It's terrible to be so suspicious, but our government has certainly done enough posturing, misleading and outright lying to warrant suspicion. So I can't help wondering whether at least some of the hoopla over the National Intelligence Estimate, an unclassified summary of which was released today, has something to do with diverting attention from the mess in Iraq.
If the assessment is valid -- and I suspect it is to some extent, but remember that the U.S. "intelligence community" has a long record of getting things wrong -- that al-Qaida is better organized and a bigger danger than in recent years, it spotlights the extent to which invading Iraq was a huge strategic mistake. "Al-Qaida in Iraq" didn't exist before then, and the invasion diverted attention and resources from going after bin Laden and other al-Qaida leadership. It also made it virtually impossible to conduct a "war of ideas" by cultivating moderate Muslims as a counterpoint to the radical Islamists and jihadists.

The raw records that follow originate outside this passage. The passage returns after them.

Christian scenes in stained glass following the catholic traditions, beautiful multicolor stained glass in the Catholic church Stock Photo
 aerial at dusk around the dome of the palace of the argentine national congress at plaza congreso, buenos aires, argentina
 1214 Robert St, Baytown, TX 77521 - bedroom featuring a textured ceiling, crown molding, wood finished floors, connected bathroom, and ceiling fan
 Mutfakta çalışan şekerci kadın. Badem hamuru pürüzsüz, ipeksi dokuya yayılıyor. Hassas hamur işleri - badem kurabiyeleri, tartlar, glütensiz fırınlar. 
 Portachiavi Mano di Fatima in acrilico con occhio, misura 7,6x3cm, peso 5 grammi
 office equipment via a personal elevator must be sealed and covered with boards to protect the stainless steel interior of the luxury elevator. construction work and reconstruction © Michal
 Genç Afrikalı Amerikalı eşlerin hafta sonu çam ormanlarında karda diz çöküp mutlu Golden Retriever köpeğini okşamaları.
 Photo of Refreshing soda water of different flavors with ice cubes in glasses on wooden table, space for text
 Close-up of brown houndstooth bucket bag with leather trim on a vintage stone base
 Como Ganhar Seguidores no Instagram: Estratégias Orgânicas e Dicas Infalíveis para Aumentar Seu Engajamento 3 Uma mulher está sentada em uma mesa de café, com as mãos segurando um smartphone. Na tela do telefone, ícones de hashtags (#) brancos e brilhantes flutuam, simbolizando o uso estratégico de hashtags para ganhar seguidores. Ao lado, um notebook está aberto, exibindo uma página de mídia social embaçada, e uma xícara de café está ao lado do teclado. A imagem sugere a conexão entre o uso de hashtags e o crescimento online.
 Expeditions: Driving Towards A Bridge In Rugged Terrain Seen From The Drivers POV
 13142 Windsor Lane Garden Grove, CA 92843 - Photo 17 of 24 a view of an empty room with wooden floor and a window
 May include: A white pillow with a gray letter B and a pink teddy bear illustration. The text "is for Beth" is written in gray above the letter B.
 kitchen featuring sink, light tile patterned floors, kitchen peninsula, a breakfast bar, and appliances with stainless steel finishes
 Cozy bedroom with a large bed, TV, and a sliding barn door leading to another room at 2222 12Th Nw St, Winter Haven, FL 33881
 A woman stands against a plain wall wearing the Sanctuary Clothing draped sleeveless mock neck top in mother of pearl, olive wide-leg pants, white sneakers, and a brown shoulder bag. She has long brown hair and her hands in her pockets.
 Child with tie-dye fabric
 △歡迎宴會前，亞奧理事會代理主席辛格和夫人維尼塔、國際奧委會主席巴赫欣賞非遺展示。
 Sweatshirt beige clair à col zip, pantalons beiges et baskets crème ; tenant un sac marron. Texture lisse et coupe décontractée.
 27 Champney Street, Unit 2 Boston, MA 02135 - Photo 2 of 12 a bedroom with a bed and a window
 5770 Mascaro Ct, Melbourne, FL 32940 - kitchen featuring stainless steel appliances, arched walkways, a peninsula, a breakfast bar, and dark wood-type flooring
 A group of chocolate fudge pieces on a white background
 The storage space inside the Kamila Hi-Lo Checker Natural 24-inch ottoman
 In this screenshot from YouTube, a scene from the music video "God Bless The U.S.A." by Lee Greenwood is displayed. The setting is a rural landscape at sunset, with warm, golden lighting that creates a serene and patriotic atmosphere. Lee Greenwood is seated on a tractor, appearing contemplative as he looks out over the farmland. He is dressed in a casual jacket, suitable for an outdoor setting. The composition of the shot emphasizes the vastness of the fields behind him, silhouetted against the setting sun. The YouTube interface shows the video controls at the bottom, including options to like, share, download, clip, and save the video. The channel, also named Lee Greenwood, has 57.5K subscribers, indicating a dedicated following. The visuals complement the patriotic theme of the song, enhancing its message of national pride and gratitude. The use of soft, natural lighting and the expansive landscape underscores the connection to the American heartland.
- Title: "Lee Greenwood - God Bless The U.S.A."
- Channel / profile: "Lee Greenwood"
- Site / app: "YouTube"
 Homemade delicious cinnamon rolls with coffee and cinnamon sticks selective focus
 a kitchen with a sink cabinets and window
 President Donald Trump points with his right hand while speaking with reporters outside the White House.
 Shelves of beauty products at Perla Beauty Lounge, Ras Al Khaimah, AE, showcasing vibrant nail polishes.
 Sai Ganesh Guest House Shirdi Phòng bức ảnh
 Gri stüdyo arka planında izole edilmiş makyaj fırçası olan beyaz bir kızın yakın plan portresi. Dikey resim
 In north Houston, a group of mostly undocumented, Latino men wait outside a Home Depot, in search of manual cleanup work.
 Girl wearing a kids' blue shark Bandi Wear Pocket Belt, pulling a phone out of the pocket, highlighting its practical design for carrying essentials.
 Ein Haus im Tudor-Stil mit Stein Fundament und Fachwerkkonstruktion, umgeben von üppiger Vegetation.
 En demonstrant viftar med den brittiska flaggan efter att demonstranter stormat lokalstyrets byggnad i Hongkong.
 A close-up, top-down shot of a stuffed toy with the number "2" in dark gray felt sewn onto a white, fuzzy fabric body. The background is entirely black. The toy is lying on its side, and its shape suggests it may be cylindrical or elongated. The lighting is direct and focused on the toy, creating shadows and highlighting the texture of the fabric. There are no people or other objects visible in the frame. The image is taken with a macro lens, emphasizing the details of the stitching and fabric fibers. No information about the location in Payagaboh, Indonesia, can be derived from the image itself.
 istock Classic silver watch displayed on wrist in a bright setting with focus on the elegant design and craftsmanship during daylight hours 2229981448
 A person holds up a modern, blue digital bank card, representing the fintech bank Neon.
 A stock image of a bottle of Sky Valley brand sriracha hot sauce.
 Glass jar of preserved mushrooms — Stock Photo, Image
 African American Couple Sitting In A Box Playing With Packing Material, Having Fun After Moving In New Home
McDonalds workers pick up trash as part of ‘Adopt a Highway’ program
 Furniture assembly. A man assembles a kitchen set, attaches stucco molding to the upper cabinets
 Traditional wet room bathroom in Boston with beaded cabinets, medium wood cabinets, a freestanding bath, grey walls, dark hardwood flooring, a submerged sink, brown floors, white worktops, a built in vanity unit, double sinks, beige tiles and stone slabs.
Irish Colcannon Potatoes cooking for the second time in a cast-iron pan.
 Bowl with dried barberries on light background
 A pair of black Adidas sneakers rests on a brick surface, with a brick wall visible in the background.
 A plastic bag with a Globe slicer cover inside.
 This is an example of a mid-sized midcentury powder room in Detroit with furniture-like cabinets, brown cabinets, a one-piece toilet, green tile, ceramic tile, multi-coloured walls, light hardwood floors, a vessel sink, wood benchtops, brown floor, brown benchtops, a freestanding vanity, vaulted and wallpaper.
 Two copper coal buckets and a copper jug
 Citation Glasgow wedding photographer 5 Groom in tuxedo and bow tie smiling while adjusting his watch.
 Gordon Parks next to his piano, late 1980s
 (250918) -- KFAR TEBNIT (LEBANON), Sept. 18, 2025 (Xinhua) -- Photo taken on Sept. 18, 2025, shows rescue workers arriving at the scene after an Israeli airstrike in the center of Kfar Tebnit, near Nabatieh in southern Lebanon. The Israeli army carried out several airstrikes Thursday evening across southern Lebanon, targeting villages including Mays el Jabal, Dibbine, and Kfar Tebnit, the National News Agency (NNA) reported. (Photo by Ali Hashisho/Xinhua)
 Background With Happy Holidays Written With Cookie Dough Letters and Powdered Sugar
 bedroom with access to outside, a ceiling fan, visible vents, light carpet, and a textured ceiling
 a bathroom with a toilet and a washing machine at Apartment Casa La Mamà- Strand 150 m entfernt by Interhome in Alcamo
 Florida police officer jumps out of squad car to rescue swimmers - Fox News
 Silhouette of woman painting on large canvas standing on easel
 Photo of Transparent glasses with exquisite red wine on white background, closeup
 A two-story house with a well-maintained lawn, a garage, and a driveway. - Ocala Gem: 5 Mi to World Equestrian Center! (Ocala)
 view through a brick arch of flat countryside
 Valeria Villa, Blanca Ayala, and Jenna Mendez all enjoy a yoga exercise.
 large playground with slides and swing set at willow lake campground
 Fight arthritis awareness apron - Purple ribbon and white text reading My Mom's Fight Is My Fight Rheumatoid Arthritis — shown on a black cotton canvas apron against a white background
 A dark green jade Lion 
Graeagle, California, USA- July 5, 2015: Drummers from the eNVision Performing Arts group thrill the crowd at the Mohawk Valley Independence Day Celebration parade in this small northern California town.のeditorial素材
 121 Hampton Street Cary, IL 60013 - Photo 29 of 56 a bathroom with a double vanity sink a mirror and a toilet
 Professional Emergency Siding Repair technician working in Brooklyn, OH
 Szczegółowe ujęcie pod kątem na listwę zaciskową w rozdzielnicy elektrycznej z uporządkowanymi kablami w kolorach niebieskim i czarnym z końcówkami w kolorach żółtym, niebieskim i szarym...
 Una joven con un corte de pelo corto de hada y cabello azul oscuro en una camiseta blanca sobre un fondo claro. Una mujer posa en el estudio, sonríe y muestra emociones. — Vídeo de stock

The estimate is still pretty vague -- the threat is over the next several years; nothing imminent in the U.S. is identified -- but it will be spun as one more reason why we can't get out of Iraq "precipitously" because then "al-Qaida in Iraq" (about 5 percent of the insurgency) will have effective control of the country and be poised to attack Europe and the U.S. Sure. The likelier outcome is that the Iraqis would handle the foreign fighters rather handily (AQI is Sunni and the government and the most ruthless militias are Shia) although in ways that might not be for the squeamish.